SEC. 103. MEMBERS.-In the case of an association having members, all holders of the association's savings accounts or deposits and all borrowers therefrom shall be members. In the consideration of all questions requiring action by the members of such association, each holder of a savings account or deposit shall be permitted to cast one vote for each $100, or fraction thereof, of the withdrawal value thereof. A borrowing member shall be permitted, as a borrower, to cast one vote, and to cast the number of votes to which he may be entitled as the holder of a savings account or deposit. No member, however, shall cast more than 50 votes. Voting may be as provided by regulation of the Board. Any number of members present at a regular or special meeting of the members shall constitute a quorum. A majority of all votes cast at any meeting of members shall determine any question. The members who shall be entitled to vote at any meeting of the members shall be those holding accounts and borrowing members of record on the books of the association at the end of the calendar month next preceding the date of such meeting. The number of votes which each member shall be entitled to cast at any meeting of the members shall be determined from the books of the association as of the end of the calendar month next preceding the date of such meeting. Those who were members at the end of the calendar month next preceding the date of a meeting of members but who shall have ceased to be members prior to such meeting shall not be entitled to vote at such meeting.

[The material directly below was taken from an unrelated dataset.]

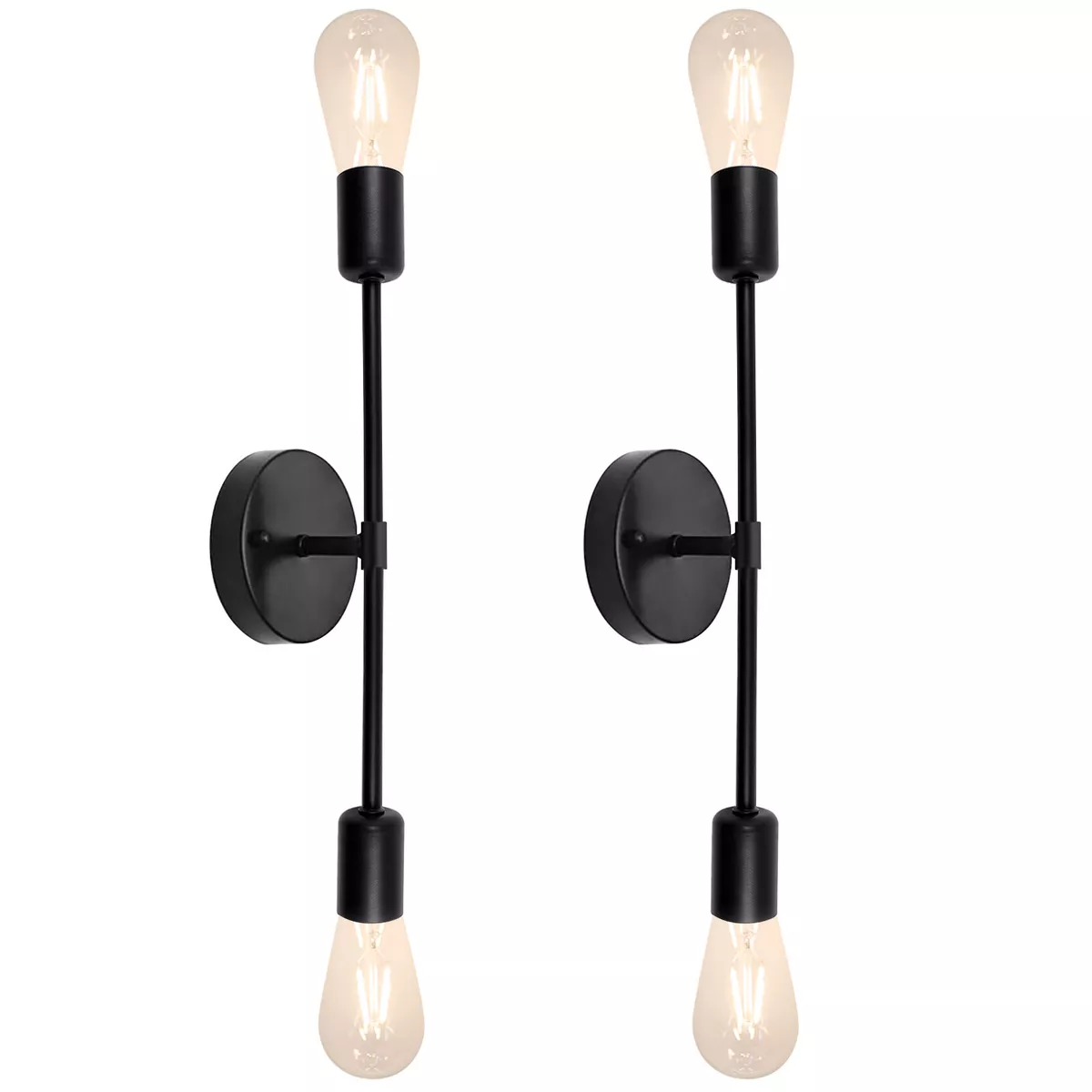 2 light cheap black wall sconce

SEC. 104. DIRECTORS.—(a) In the case of an association having members, the board of directors shall be elected by and from the members and shall consist of not less than seven nor more than fifteen directors. No person shall serve as a director of an association who is not a resident of the State in which the principal office of the association is located, except that one less than one-half of the entire board of directors may be residents of other States. Except with the written consent of the Board, no person shall serve as a director or officer of an association who has been convicted of any criminal offense involving dishonesty or a breach of trust. The members shall, by majority vote at their organizational meeting, elect a board of directors in three classes in the following manner: one-third for a term of one year; one-third for a term of two years; and onethird for a term of three years. The requirements of this section shall be satisfied if the number of directors in any one class does not exceed by more than one the number of directors in any other class. The office of any director shall become vacant if he shall cease for any reason to be a member.

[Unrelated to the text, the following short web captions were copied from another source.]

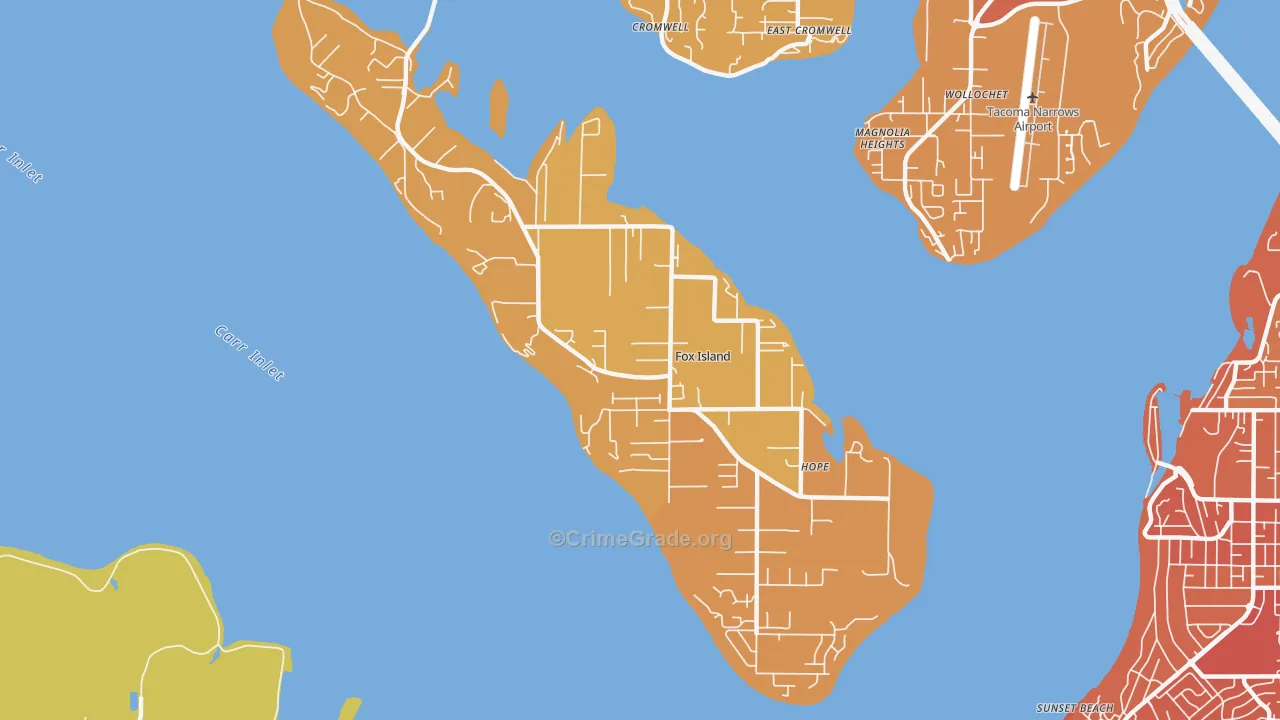 98333, WA Map of Vehicle Theft Rates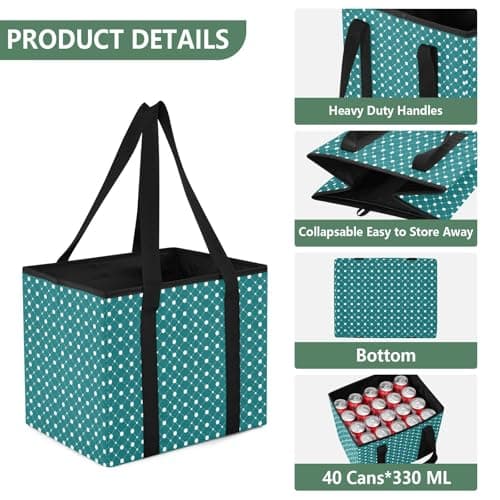 Grckit Car Trunk Organizer Dots Teal Heavy Duty Collapsible Storage Tote Bag with Reinforced Handles for Shopping Travel Picnic — view 3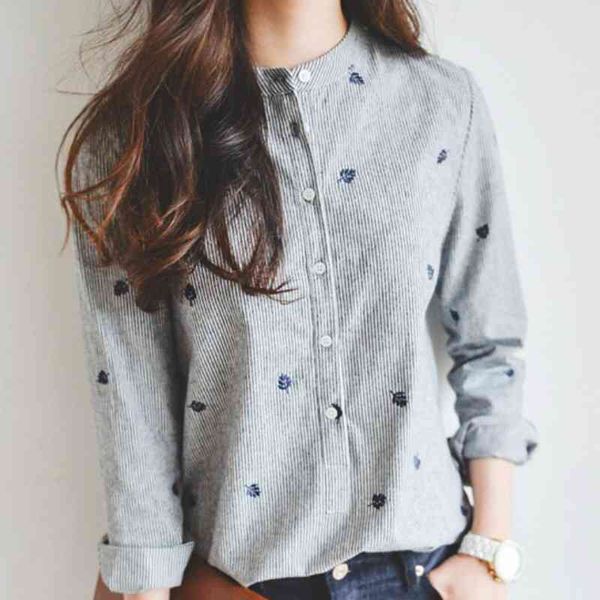fashion woman blouses autumn long sleeve embroidery striped blouse plus size women blusas womens and blouses c320 210602, White
fashion woman blouses autumn long sleeve embroidery striped blouse plus size women blusas womens and blouses c320 210602, White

(b) In the case of an association intended to operate without members, an initial board of directors shall be formed by the applicants for a charter to consist of not less than seven nor more than fifteen persons who meet the qualifications prescribed for directors in subsection (a) of this section. In such a case, the applicants for a charter shall exercise the powers conferred upon the members in subsection (a) of this section, and may in their discretion transfer all such powers to the board of directors subsequent to the initial election.

(c) The direction and control of the affairs of an association shall be vested in the directors. The directors may be a majority of a quorum adopt, amend, and rescind bylaws governing the affairs of the association, subject to the approval of the Board.

(d) The office of a director shall become vacant whenever he shall have failed to attend regular meetings of the directors for a period of six months, unless excused prior to or during such period by a resolution duly adopted by the directors. Any director may resign at any time by sending a written notice of such resignation to the principal office of the association addressed to the secretary. Unless otherwise specified therein such resignation shall take effect upon. receint thereof by the secretary. Any director may be removed either with or without cause at any time by a two-thirds majority of all votes cast at any meeting of members called for such purposes. Any director, after an opportunity

afforded him for being heard, may be removed for cause by a two-thirds vote of the total number of directors authorized, at any regular meeting or at any special meeting called for such purpose.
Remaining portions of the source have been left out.